Supplied data:
========

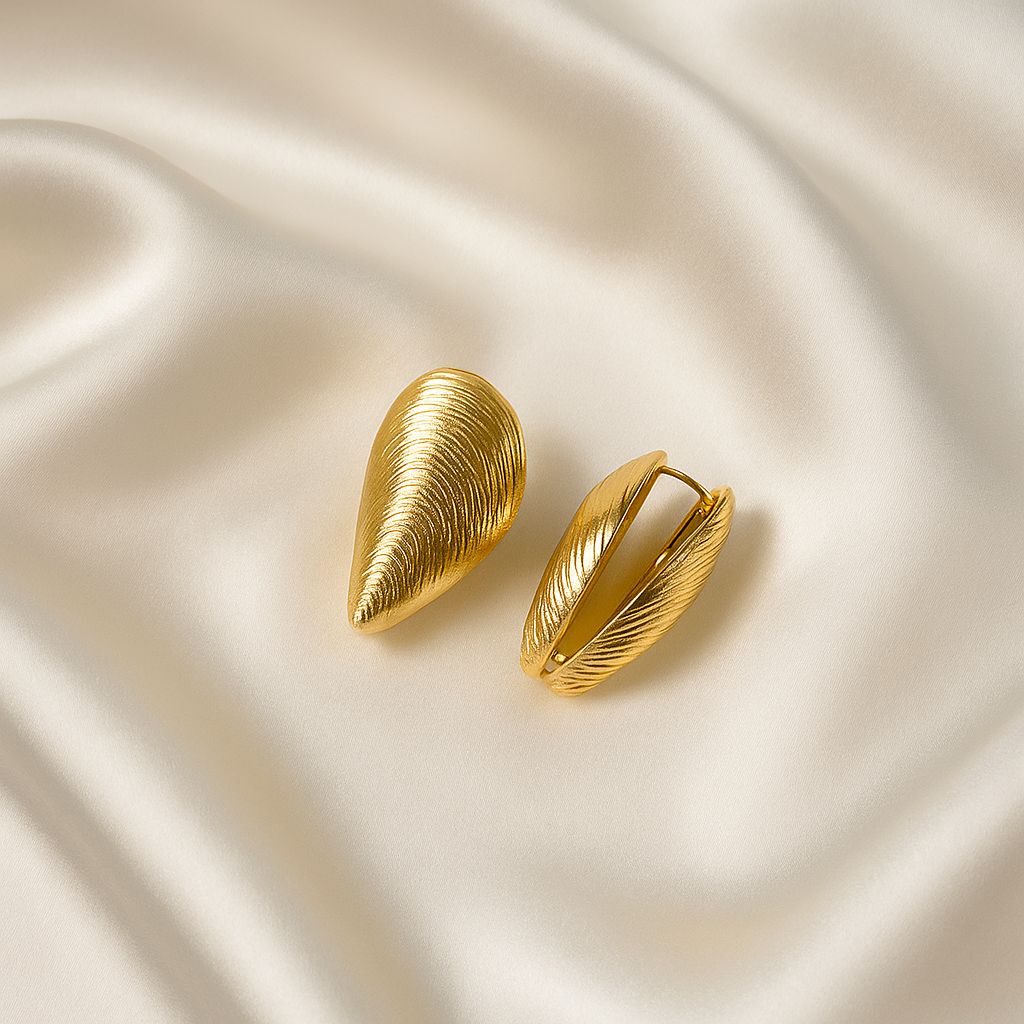 Glimii Korean style gold jewelry leaf shaped clip-on earrings on cream satin fabric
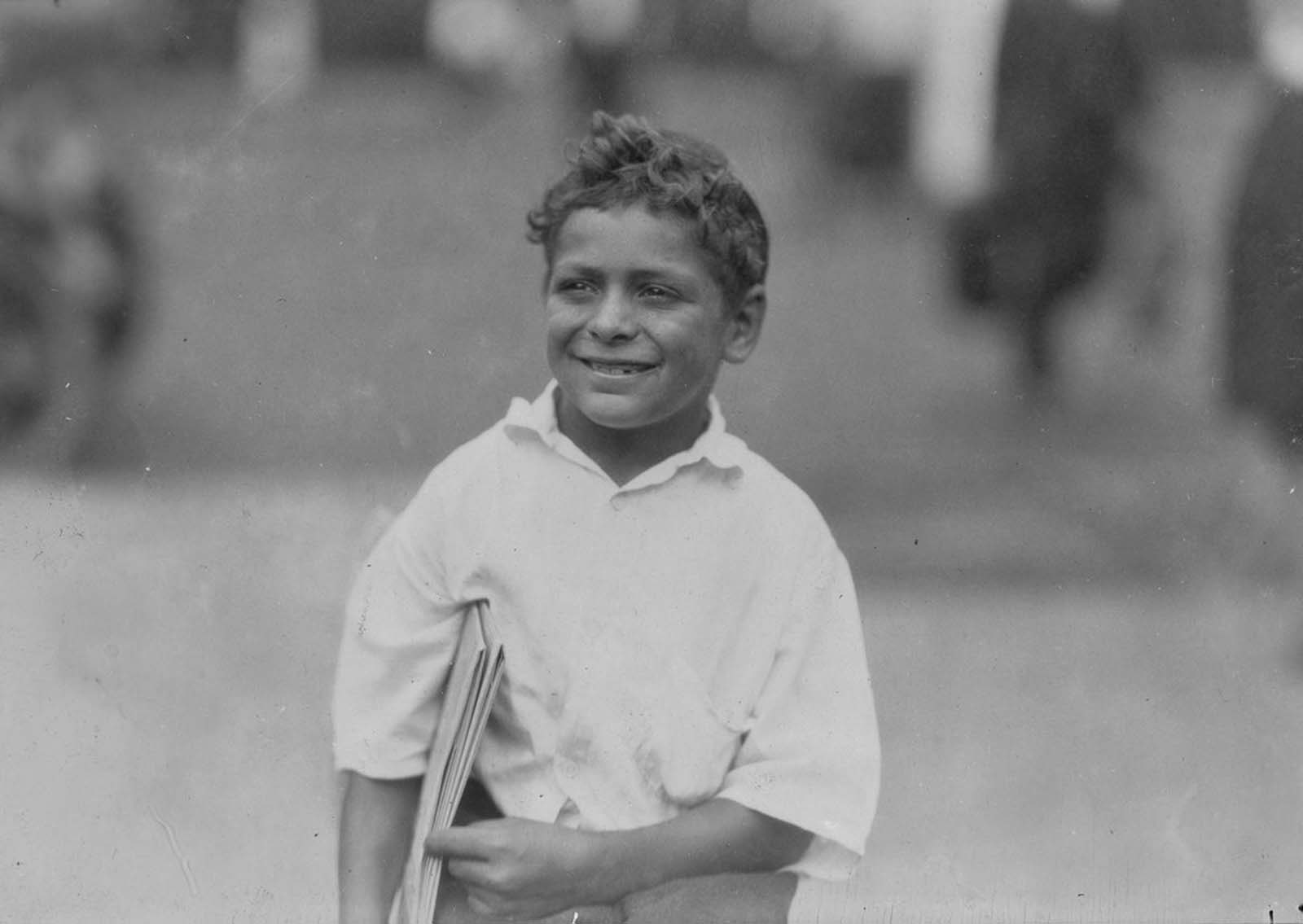 Patsy, 8-year-old newsboy. Says he makes 50 cents a day. Newark, New Jersey, 1924.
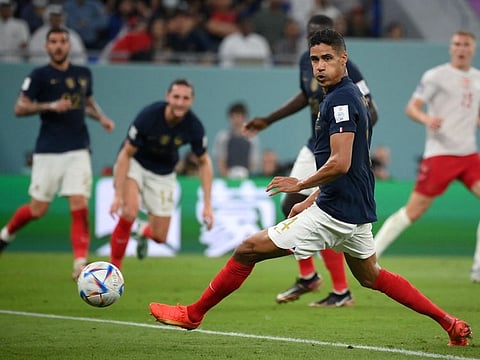 France's defender Raphael Varane in action during the Qatar 2022 World Cup Group D football match against Denmark at Stadium 974 in Doha on November 26, 2022.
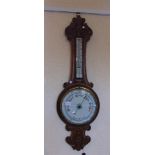AN EDWARDIAN CARVED OAK ANEROID BAROMETER/THERMOMETER, with ceramic dial, 83cm high; together with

========

Assignment: Each line from the one with "Patsy, 8-year-old newsboy." to the final line of the data above is to be printed exactly; no picture should appear in the copy.

Written solution:
 Patsy, 8-year-old newsboy. Says he makes 50 cents a day. Newark, New Jersey, 1924.
 France's defender Raphael Varane in action during the Qatar 2022 World Cup Group D football match against Denmark at Stadium 974 in Doha on November 26, 2022.
AN EDWARDIAN CARVED OAK ANEROID BAROMETER/THERMOMETER, with ceramic dial, 83cm high; together with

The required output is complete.